>>>>>

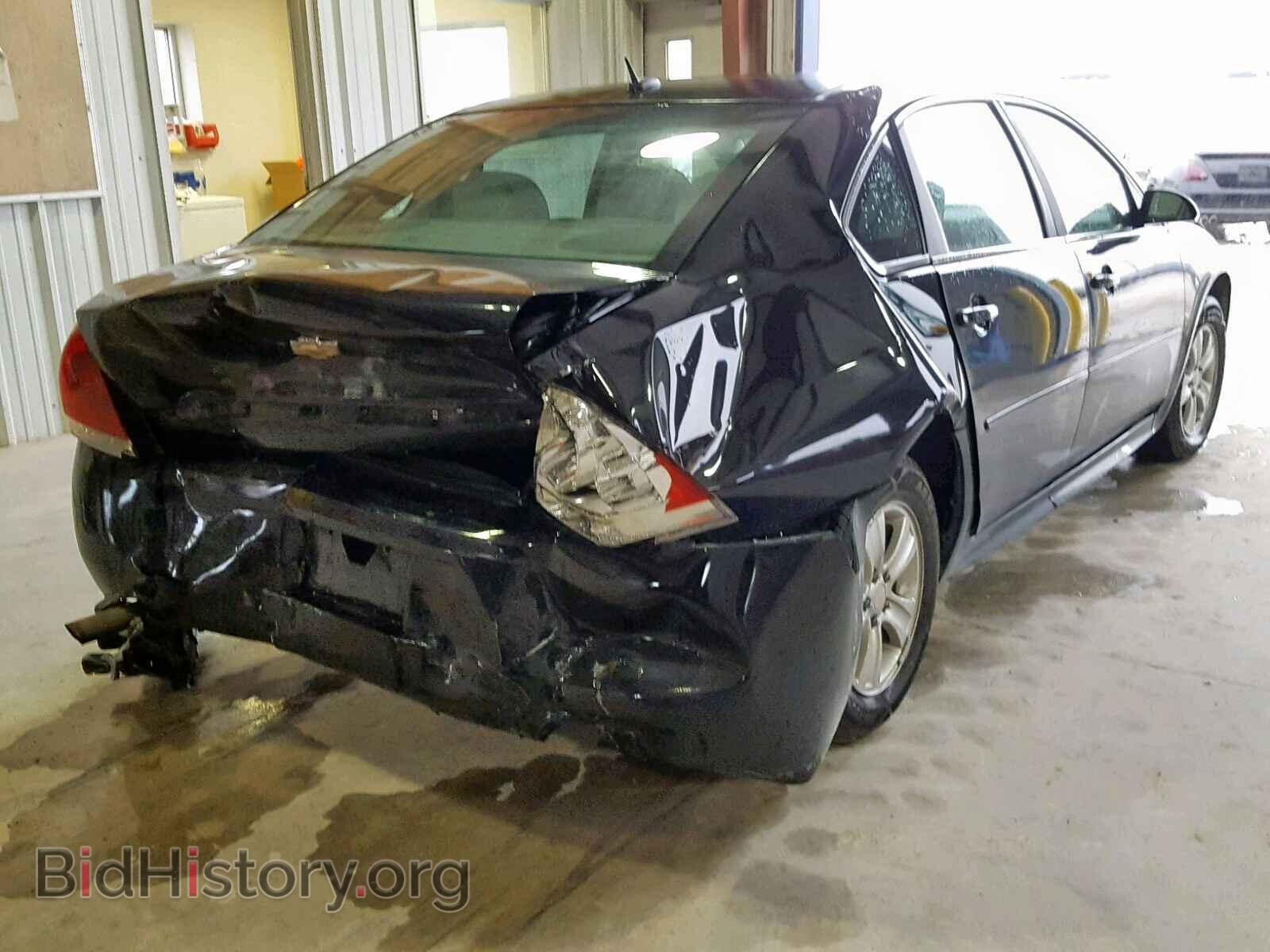 2014 CHEVROLET IMPALA - VIN: 2G1WA5E30E1114107 - Фото 4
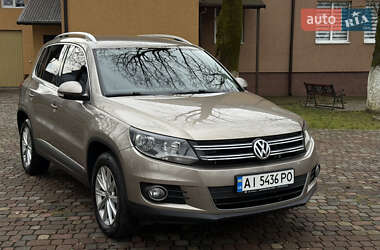 Позашляховик / Кросовер Volkswagen Tiguan 2013 в Тячеві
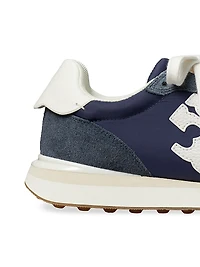 Destiny Double T Suede Sneakers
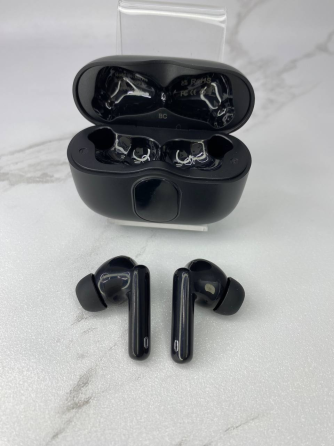 Бездротові навушники A90 Pro TWS Bluetooth Сенсорні з зарядним кейсом Чорні (Інтелектуальне керування, Світлодіодний дисплей) Б/В Київ
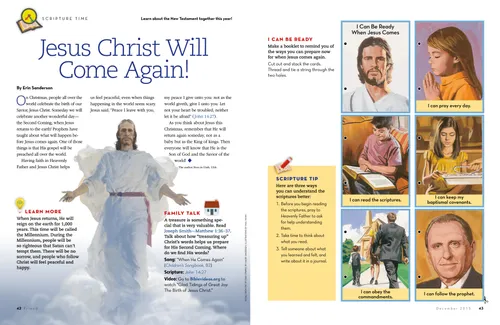 Jesus Will Come Again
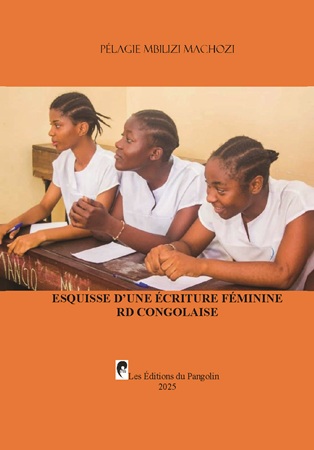 Illustration pour un livre publié : Esquisse d'une écriture féminine RDCongolaise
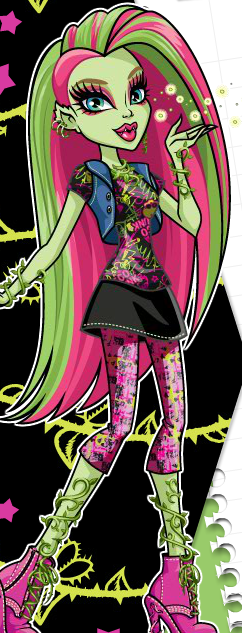 Monster High: About the Monster High Characters: New Characters 1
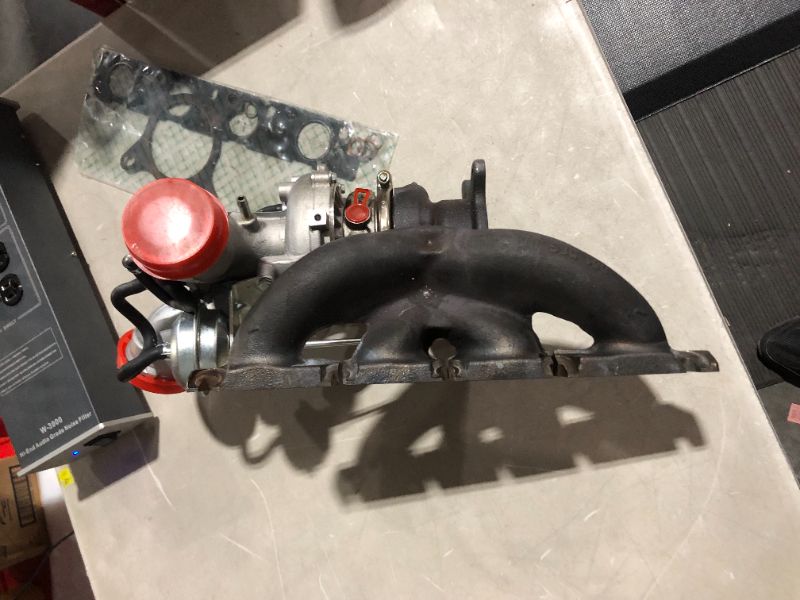 Photo 2 of ***HEAVILY USED AND DIRTY - SEE PICTURES***
Turbo Turbocharger Replacement for Audi A3/TT/Q3 VW Jetta/Passat/Beetle/CC/Golf/Tiguan/Eos 2.0L Seat Leon/Altex XL/Alhambra Skoda Octavia/Superb 06J145701T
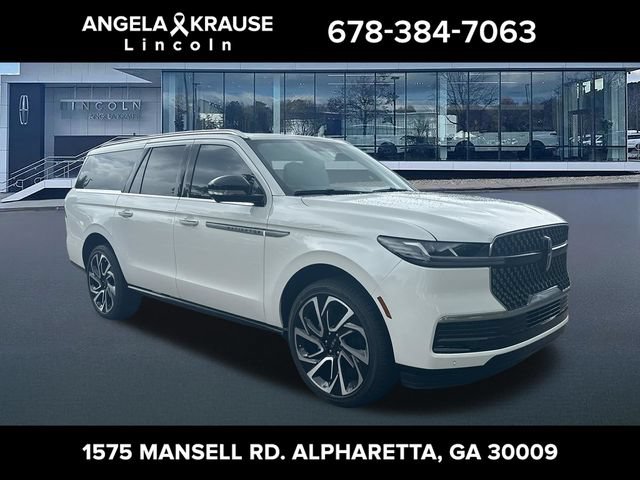 New 2026 Lincoln Navigator L Reserve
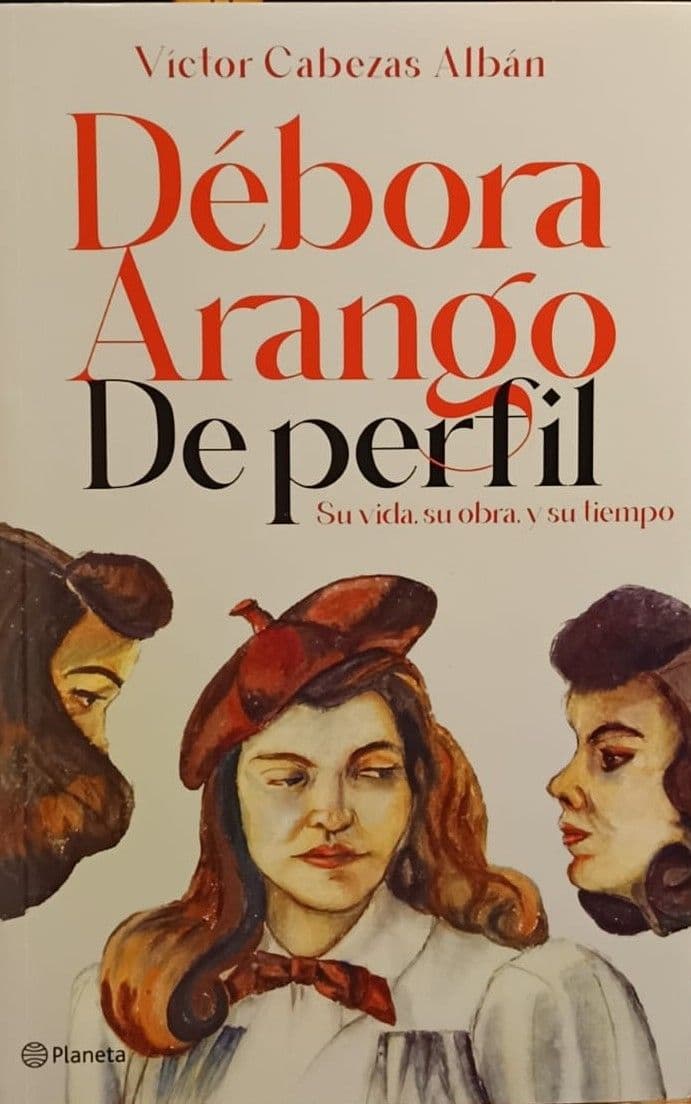 Portada Débora Arango de perfil Portada Débora Arango de perfil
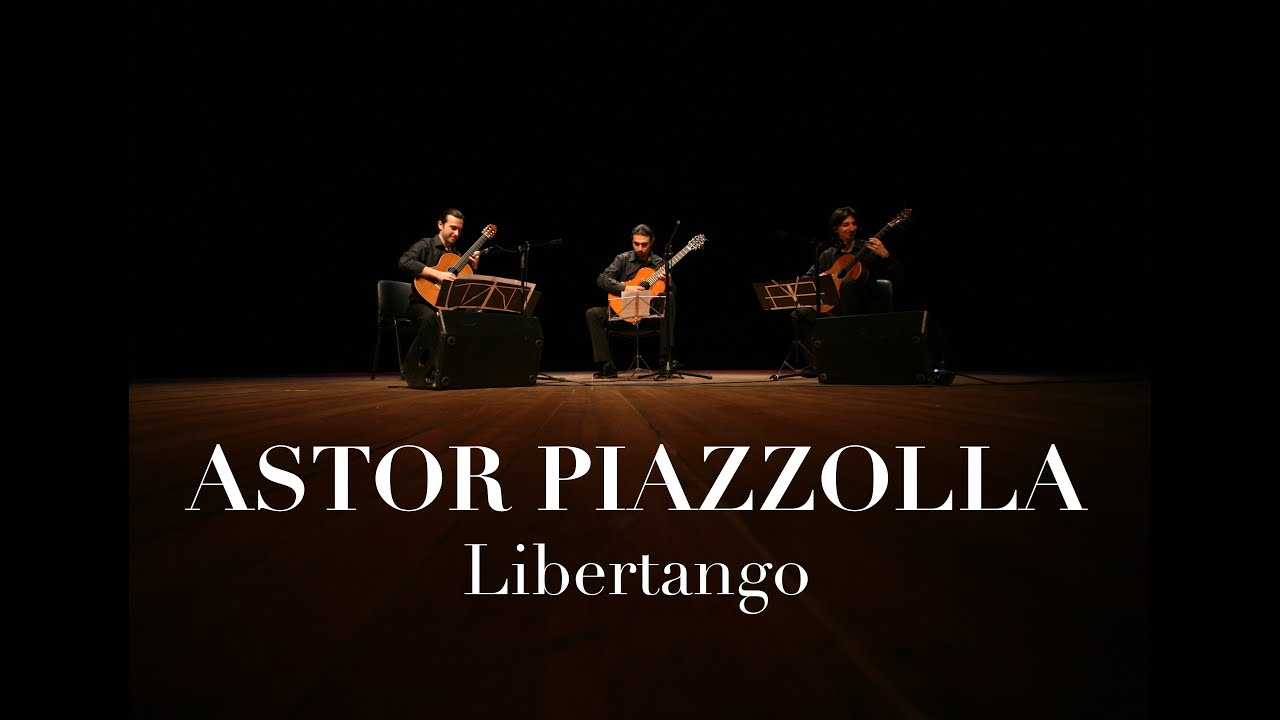 Astor Piazzolla - Libertango - YouTube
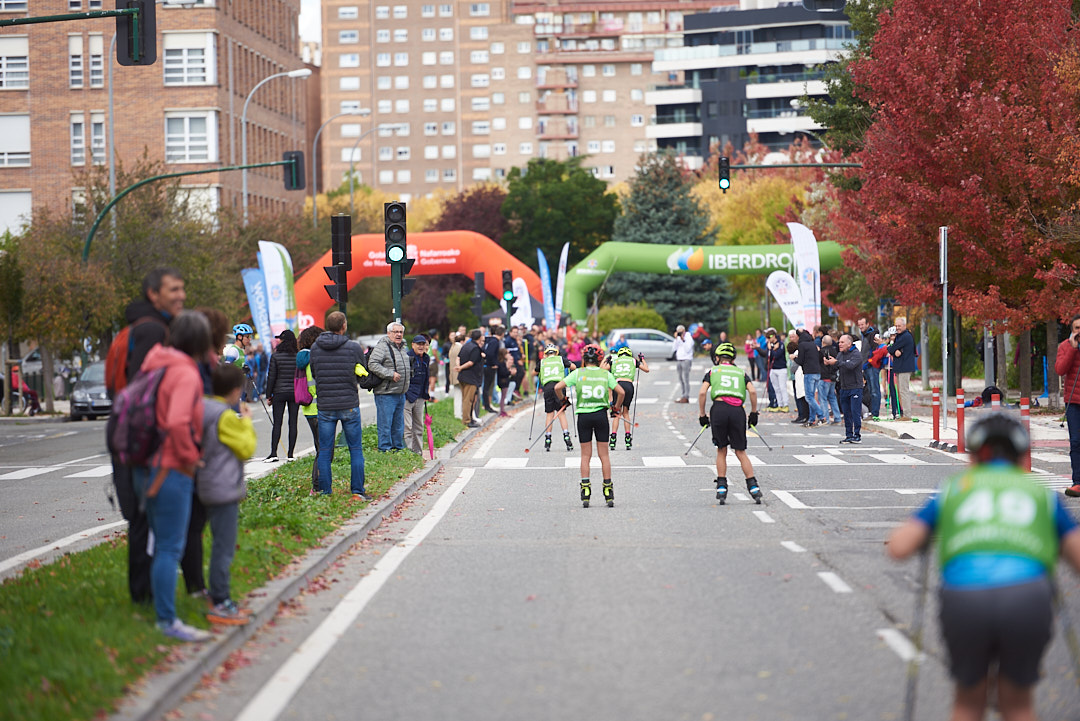 Sin sorpresas en la I Edición de los Campeonatos de Euskadi y Navarra de Rollerski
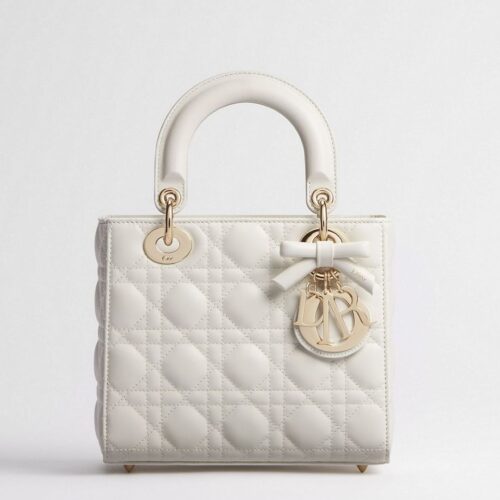 WhatsApp Image 2026-05-19 at 7.49.13 PM Dior Small Lady Dior White Color Premium Handbag (With Double Box)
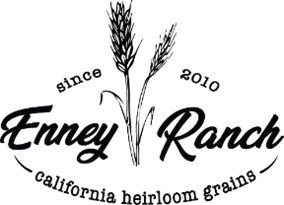 Enney Ranch Logo - California Heirloom Grains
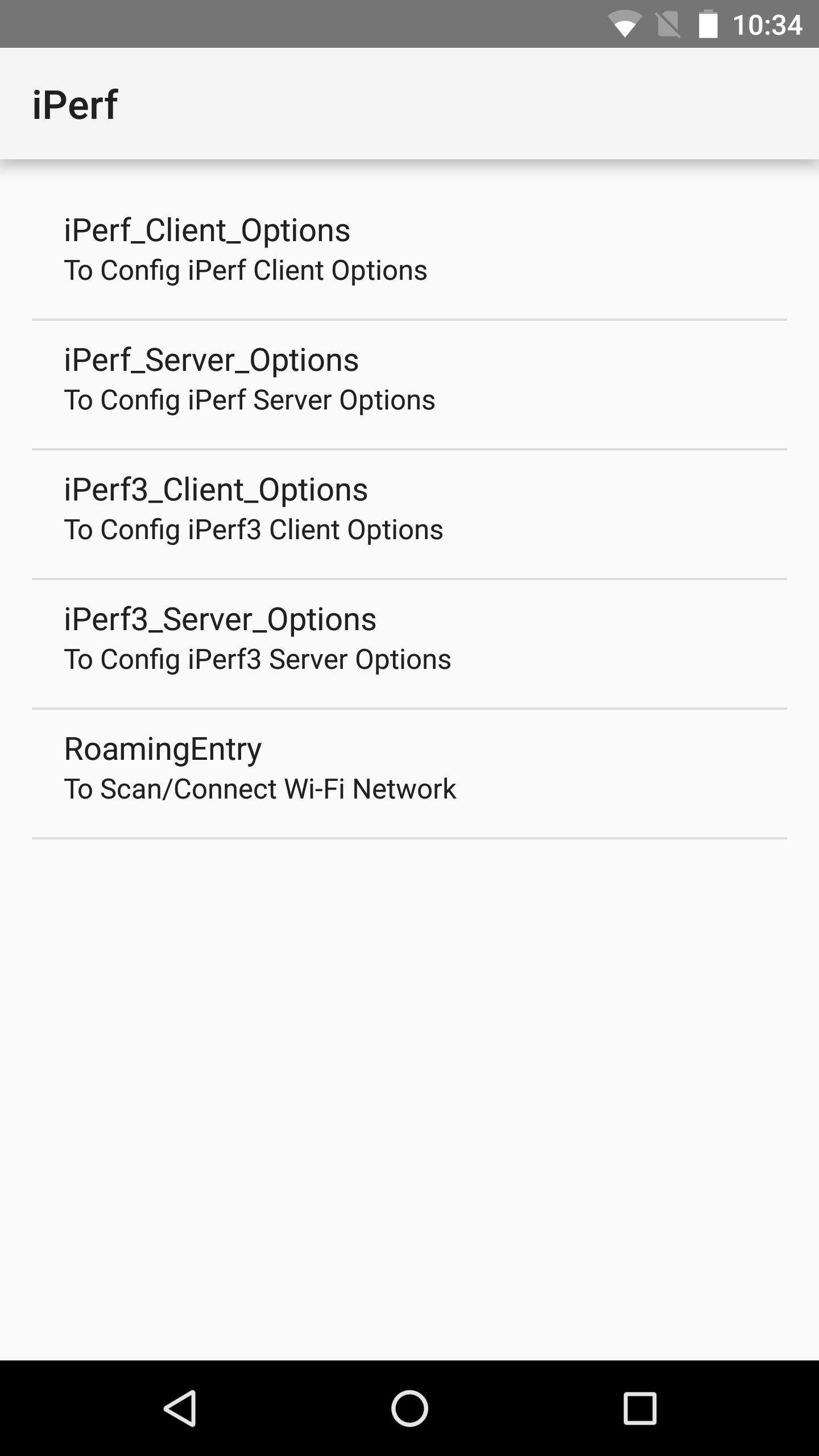 ASolutionContact-iPerf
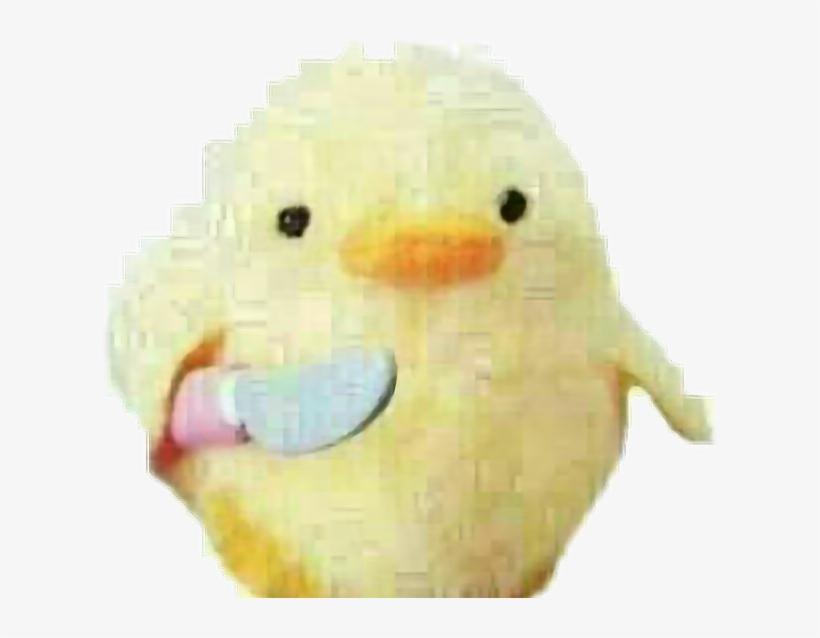Duck Plushie With Knife Png, transparent png #5617248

<<<<<

ABOUT THIS EXERCISE
Without any pictures, reproduce the lines from the first one in the material through the line that has "Destiny Double T Suede Sneakers", exactly as they appear.

REPLY TO THE EXERCISE
 2014 CHEVROLET IMPALA - VIN: 2G1WA5E30E1114107 - Фото 4
 Позашляховик / Кросовер Volkswagen Tiguan 2013 в Тячеві
 Destiny Double T Suede Sneakers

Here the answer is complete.